Мама из коры умеет делать лодочки, и даже с парусом, я же умею только есть смолу и обнимать сосну. В этих соснах никто не живет. В этих соснах, в таких же соснах, живет пушкинская няня. "Ты под окном свози светлицы"...- у нее очень светлое окно, она его все время протирает (как мы в зале, тогда ждем дедушкиного экипажа) - чтобы видеть, не едет ли Пушкин. А он все не ждет. Не приедет никогда.

Но любимое во всем стихотворении место было "Горюешь будто на часах", причем "на часах", конечно, не вызывало во мне образа часового, которого я никогда не видела, а именно часов, которые всегда видела, везде видела... Соответствующих часовых видений - множество. Сидит няня и горюет, а над ней - часы. Либо горюет и вяжет и все время смотрит на часы. Либо - так горюет, что даже часы остановились. _На часах_ было и под часами, и на часы, - дети к падежам нетребовательны. Некая же, все же, смутность этого _на часах_ открывала все часовые возможности, вплоть до одного, уже совершенно туманного видения: есть часы зальные, в ящике, с маятником, есть часы над ларем - лунные, и есть в материнской спальне кукушка с домиком, - с кукушкой, выглядывающей из домика. Кукушка, из окна выглядывающая, точно кого-то ждущая... А няня ведь с первой строки - голубка...

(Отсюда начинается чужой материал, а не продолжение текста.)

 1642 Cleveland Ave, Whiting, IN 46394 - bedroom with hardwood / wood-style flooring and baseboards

Так, на часах было и под часами, и на часы и, в конце концов, немножко и в часах, и все эти часы еще подтверждались последующей строкою, а именно спицами, этими стальными близнецами стрелок. Этими спицами в наморщенных руках няни и кончалось мое хрестоматическое "К няне".

Составитель хрестоматии очевидно усумнился в доступности младшему возрасту понятий тоски, предчувствия, заботы, теснения и всечастности. Конечно, я кроме своей тоски из двух последних строк не поняла бы ничего. Не поняла бы, но - запомнила. И - запомнила. А так у меня до сих пор между наморщенными руками и забытыми воротами - секундная заминка, точно это пушкинский конец к тому хрестоматическому - приращен. Да, что знаешь в детстве - знаешь на всю жизнь, но и чего не знаешь в детстве - не знаешь на всю жизнь.

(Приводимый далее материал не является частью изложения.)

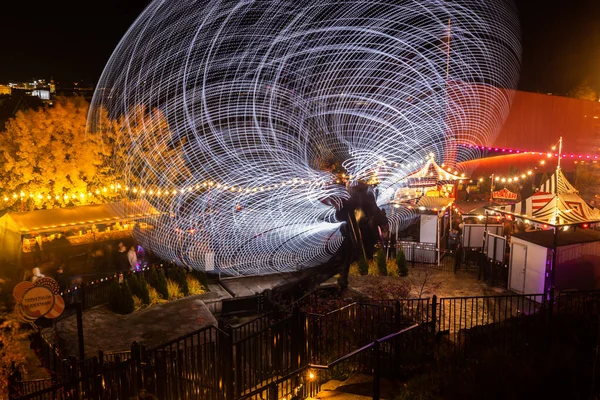 Helsinki, Finland - 19 October 2019: The Carnival of Light event at the Linnanmaki amusement park. Ride Magia in motion, night illumination. Long exposure. — ストック写真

Из знаемого же с детства: Пушкин из всех женщин на свете больше всего любил свою няню, которая была _не_ женщина. Из "К няне" Пушкина я на всю жизнь узнала, что старую женщину - потому-то родная - можно любить больше, чем молодую - потому что молодая и даже потому что - любимая. Такой нежности слов у Пушкина не нашлось ни к одной.

Такой нежности слова к старухе нашлись только у недавно умчавшегося от нас гения - Марселя Пруста {Марсель Пруст (1871-1922) - французский писатель.}. Пушкин. Пруст. Два памятника сыновности.

Глядя назад, теперь вижу, что стихи Пушкина, и вообще стихи, за редкими исключениями чистой лирики, которой в моей хрестоматии было мало, для меня до - семилетней и семилетней были - ряд загадочных картинок, - загадочных только от материнских вопросов, ибо в стихах, как в чувствах, только вопрос порождает непонятность, выводя явление из его состояния данности. Когда мать не спрашивала - я отлично понимала, то есть и понимать не думала, а просто видела. Но к счастью мать не всегда спрашивала, и некоторые стихи оставались понятными.